Work to be completed →
What follows is a set of records; repeat all of them exactly.

Data excerpts →
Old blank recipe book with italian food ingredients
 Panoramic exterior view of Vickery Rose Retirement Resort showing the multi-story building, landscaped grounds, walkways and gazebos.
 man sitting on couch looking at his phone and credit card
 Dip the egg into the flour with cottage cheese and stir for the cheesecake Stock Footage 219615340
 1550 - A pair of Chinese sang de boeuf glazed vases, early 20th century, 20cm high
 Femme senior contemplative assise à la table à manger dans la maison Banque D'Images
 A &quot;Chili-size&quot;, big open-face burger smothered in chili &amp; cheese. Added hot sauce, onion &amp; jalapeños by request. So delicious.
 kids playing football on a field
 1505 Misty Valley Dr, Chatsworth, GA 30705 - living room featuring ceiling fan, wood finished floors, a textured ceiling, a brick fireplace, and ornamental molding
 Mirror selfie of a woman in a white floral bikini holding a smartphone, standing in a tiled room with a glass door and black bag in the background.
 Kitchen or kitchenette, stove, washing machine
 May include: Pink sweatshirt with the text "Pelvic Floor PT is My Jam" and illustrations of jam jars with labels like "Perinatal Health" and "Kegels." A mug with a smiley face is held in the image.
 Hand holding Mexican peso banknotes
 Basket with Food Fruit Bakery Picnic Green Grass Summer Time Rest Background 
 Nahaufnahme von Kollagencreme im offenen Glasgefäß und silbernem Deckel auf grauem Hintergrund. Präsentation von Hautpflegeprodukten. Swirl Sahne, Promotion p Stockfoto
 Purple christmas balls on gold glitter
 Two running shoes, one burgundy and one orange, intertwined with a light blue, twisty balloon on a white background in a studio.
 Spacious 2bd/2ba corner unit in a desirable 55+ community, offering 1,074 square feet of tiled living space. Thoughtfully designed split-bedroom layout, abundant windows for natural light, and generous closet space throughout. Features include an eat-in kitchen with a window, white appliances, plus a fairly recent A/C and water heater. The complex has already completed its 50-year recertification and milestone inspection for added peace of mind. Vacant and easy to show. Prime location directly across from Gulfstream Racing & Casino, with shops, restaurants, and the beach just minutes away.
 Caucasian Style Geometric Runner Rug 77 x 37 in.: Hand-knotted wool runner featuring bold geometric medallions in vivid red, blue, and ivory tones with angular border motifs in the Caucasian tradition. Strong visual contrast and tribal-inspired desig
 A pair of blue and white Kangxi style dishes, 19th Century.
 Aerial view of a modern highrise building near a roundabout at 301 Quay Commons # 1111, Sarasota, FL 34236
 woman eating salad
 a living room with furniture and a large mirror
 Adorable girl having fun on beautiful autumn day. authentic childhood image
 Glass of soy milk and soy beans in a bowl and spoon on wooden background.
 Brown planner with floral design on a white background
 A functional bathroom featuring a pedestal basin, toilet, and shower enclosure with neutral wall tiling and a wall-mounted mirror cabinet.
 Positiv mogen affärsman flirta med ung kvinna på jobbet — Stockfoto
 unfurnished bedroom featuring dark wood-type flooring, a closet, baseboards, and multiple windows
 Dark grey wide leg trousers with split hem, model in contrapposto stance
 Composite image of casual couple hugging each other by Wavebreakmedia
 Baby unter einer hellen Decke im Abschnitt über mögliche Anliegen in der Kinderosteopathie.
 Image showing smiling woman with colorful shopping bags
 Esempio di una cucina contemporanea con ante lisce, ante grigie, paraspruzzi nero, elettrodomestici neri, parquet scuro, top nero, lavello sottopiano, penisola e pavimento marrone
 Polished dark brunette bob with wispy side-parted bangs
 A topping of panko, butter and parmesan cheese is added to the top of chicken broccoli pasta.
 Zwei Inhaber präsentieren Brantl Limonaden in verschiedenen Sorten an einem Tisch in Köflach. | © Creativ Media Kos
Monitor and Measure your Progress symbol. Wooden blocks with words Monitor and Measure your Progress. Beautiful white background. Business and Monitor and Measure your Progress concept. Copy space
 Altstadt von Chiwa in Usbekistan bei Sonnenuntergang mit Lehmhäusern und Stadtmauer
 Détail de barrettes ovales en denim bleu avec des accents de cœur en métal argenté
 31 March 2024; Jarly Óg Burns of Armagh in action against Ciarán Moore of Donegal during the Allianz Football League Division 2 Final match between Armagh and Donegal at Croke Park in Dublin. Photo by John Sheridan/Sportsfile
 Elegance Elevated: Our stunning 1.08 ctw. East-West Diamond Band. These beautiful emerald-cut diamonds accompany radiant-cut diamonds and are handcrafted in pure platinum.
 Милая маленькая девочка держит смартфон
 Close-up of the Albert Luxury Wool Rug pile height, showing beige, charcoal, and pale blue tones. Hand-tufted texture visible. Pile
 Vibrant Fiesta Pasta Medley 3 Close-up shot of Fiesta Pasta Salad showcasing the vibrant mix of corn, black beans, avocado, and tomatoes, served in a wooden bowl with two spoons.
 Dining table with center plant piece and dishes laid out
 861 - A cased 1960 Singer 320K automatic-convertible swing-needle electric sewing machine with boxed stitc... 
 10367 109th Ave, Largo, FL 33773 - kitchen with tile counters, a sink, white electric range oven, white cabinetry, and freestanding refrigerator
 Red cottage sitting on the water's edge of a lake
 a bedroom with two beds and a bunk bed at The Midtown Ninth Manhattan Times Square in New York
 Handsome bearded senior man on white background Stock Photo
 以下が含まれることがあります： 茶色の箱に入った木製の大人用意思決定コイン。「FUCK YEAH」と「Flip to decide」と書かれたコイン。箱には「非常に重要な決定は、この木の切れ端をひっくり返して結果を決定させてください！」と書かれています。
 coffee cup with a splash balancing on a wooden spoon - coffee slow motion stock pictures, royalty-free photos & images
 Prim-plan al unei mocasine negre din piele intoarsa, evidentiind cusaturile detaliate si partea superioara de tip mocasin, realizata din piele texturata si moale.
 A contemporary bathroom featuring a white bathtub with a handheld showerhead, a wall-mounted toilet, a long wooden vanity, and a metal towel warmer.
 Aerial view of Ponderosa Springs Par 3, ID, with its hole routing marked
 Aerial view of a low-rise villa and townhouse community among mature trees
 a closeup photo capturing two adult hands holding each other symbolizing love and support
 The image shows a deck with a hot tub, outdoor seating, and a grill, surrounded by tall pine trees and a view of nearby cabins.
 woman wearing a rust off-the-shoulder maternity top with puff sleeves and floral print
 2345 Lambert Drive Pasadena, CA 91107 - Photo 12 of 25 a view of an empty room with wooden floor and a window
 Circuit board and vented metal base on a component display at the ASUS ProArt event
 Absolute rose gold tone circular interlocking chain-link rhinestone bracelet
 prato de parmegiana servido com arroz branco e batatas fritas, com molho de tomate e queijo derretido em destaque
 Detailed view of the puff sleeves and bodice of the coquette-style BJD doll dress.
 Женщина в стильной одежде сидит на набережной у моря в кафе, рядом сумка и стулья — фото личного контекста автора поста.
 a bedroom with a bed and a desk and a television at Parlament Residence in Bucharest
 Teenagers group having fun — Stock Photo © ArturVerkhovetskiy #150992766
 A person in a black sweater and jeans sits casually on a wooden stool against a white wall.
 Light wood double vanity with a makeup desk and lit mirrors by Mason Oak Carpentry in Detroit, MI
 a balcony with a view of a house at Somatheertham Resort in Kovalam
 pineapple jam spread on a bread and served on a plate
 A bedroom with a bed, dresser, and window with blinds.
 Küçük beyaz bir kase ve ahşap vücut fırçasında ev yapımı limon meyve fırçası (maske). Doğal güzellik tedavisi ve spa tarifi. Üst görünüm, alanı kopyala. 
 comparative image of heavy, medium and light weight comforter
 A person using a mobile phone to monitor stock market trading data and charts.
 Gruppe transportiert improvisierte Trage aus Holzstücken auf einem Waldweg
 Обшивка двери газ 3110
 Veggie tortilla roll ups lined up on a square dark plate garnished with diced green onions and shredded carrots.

Result below →
Old blank recipe book with italian food ingredients
 Panoramic exterior view of Vickery Rose Retirement Resort showing the multi-story building, landscaped grounds, walkways and gazebos.
 man sitting on couch looking at his phone and credit card
 Dip the egg into the flour with cottage cheese and stir for the cheesecake Stock Footage 219615340
 1550 - A pair of Chinese sang de boeuf glazed vases, early 20th century, 20cm high
 Femme senior contemplative assise à la table à manger dans la maison Banque D'Images
 A &quot;Chili-size&quot;, big open-face burger smothered in chili &amp; cheese. Added hot sauce, onion &amp; jalapeños by request. So delicious.
 kids playing football on a field
 1505 Misty Valley Dr, Chatsworth, GA 30705 - living room featuring ceiling fan, wood finished floors, a textured ceiling, a brick fireplace, and ornamental molding
 Mirror selfie of a woman in a white floral bikini holding a smartphone, standing in a tiled room with a glass door and black bag in the background.
 Kitchen or kitchenette, stove, washing machine
 May include: Pink sweatshirt with the text "Pelvic Floor PT is My Jam" and illustrations of jam jars with labels like "Perinatal Health" and "Kegels." A mug with a smiley face is held in the image.
 Hand holding Mexican peso banknotes
 Basket with Food Fruit Bakery Picnic Green Grass Summer Time Rest Background 
 Nahaufnahme von Kollagencreme im offenen Glasgefäß und silbernem Deckel auf grauem Hintergrund. Präsentation von Hautpflegeprodukten. Swirl Sahne, Promotion p Stockfoto
 Purple christmas balls on gold glitter
 Two running shoes, one burgundy and one orange, intertwined with a light blue, twisty balloon on a white background in a studio.
 Spacious 2bd/2ba corner unit in a desirable 55+ community, offering 1,074 square feet of tiled living space. Thoughtfully designed split-bedroom layout, abundant windows for natural light, and generous closet space throughout. Features include an eat-in kitchen with a window, white appliances, plus a fairly recent A/C and water heater. The complex has already completed its 50-year recertification and milestone inspection for added peace of mind. Vacant and easy to show. Prime location directly across from Gulfstream Racing & Casino, with shops, restaurants, and the beach just minutes away.
 Caucasian Style Geometric Runner Rug 77 x 37 in.: Hand-knotted wool runner featuring bold geometric medallions in vivid red, blue, and ivory tones with angular border motifs in the Caucasian tradition. Strong visual contrast and tribal-inspired desig
 A pair of blue and white Kangxi style dishes, 19th Century.
 Aerial view of a modern highrise building near a roundabout at 301 Quay Commons # 1111, Sarasota, FL 34236
 woman eating salad
 a living room with furniture and a large mirror
 Adorable girl having fun on beautiful autumn day. authentic childhood image
 Glass of soy milk and soy beans in a bowl and spoon on wooden background.
 Brown planner with floral design on a white background
 A functional bathroom featuring a pedestal basin, toilet, and shower enclosure with neutral wall tiling and a wall-mounted mirror cabinet.
 Positiv mogen affärsman flirta med ung kvinna på jobbet — Stockfoto
 unfurnished bedroom featuring dark wood-type flooring, a closet, baseboards, and multiple windows
 Dark grey wide leg trousers with split hem, model in contrapposto stance
 Composite image of casual couple hugging each other by Wavebreakmedia
 Baby unter einer hellen Decke im Abschnitt über mögliche Anliegen in der Kinderosteopathie.
 Image showing smiling woman with colorful shopping bags
 Esempio di una cucina contemporanea con ante lisce, ante grigie, paraspruzzi nero, elettrodomestici neri, parquet scuro, top nero, lavello sottopiano, penisola e pavimento marrone
 Polished dark brunette bob with wispy side-parted bangs
 A topping of panko, butter and parmesan cheese is added to the top of chicken broccoli pasta.
 Zwei Inhaber präsentieren Brantl Limonaden in verschiedenen Sorten an einem Tisch in Köflach. | © Creativ Media Kos
Monitor and Measure your Progress symbol. Wooden blocks with words Monitor and Measure your Progress. Beautiful white background. Business and Monitor and Measure your Progress concept. Copy space
 Altstadt von Chiwa in Usbekistan bei Sonnenuntergang mit Lehmhäusern und Stadtmauer
 Détail de barrettes ovales en denim bleu avec des accents de cœur en métal argenté
 31 March 2024; Jarly Óg Burns of Armagh in action against Ciarán Moore of Donegal during the Allianz Football League Division 2 Final match between Armagh and Donegal at Croke Park in Dublin. Photo by John Sheridan/Sportsfile
 Elegance Elevated: Our stunning 1.08 ctw. East-West Diamond Band. These beautiful emerald-cut diamonds accompany radiant-cut diamonds and are handcrafted in pure platinum.
 Милая маленькая девочка держит смартфон
 Close-up of the Albert Luxury Wool Rug pile height, showing beige, charcoal, and pale blue tones. Hand-tufted texture visible. Pile
 Vibrant Fiesta Pasta Medley 3 Close-up shot of Fiesta Pasta Salad showcasing the vibrant mix of corn, black beans, avocado, and tomatoes, served in a wooden bowl with two spoons.
 Dining table with center plant piece and dishes laid out
 861 - A cased 1960 Singer 320K automatic-convertible swing-needle electric sewing machine with boxed stitc... 
 10367 109th Ave, Largo, FL 33773 - kitchen with tile counters, a sink, white electric range oven, white cabinetry, and freestanding refrigerator
 Red cottage sitting on the water's edge of a lake
 a bedroom with two beds and a bunk bed at The Midtown Ninth Manhattan Times Square in New York
 Handsome bearded senior man on white background Stock Photo
 以下が含まれることがあります： 茶色の箱に入った木製の大人用意思決定コイン。「FUCK YEAH」と「Flip to decide」と書かれたコイン。箱には「非常に重要な決定は、この木の切れ端をひっくり返して結果を決定させてください！」と書かれています。
 coffee cup with a splash balancing on a wooden spoon - coffee slow motion stock pictures, royalty-free photos & images
 Prim-plan al unei mocasine negre din piele intoarsa, evidentiind cusaturile detaliate si partea superioara de tip mocasin, realizata din piele texturata si moale.
 A contemporary bathroom featuring a white bathtub with a handheld showerhead, a wall-mounted toilet, a long wooden vanity, and a metal towel warmer.
 Aerial view of Ponderosa Springs Par 3, ID, with its hole routing marked
 Aerial view of a low-rise villa and townhouse community among mature trees
 a closeup photo capturing two adult hands holding each other symbolizing love and support
 The image shows a deck with a hot tub, outdoor seating, and a grill, surrounded by tall pine trees and a view of nearby cabins.
 woman wearing a rust off-the-shoulder maternity top with puff sleeves and floral print
 2345 Lambert Drive Pasadena, CA 91107 - Photo 12 of 25 a view of an empty room with wooden floor and a window
 Circuit board and vented metal base on a component display at the ASUS ProArt event
 Absolute rose gold tone circular interlocking chain-link rhinestone bracelet
 prato de parmegiana servido com arroz branco e batatas fritas, com molho de tomate e queijo derretido em destaque
 Detailed view of the puff sleeves and bodice of the coquette-style BJD doll dress.
 Женщина в стильной одежде сидит на набережной у моря в кафе, рядом сумка и стулья — фото личного контекста автора поста.
 a bedroom with a bed and a desk and a television at Parlament Residence in Bucharest
 Teenagers group having fun — Stock Photo © ArturVerkhovetskiy #150992766
 A person in a black sweater and jeans sits casually on a wooden stool against a white wall.
 Light wood double vanity with a makeup desk and lit mirrors by Mason Oak Carpentry in Detroit, MI
 a balcony with a view of a house at Somatheertham Resort in Kovalam
 pineapple jam spread on a bread and served on a plate
 A bedroom with a bed, dresser, and window with blinds.
 Küçük beyaz bir kase ve ahşap vücut fırçasında ev yapımı limon meyve fırçası (maske). Doğal güzellik tedavisi ve spa tarifi. Üst görünüm, alanı kopyala. 
 comparative image of heavy, medium and light weight comforter
 A person using a mobile phone to monitor stock market trading data and charts.
 Gruppe transportiert improvisierte Trage aus Holzstücken auf einem Waldweg
 Обшивка двери газ 3110
 Veggie tortilla roll ups lined up on a square dark plate garnished with diced green onions and shredded carrots.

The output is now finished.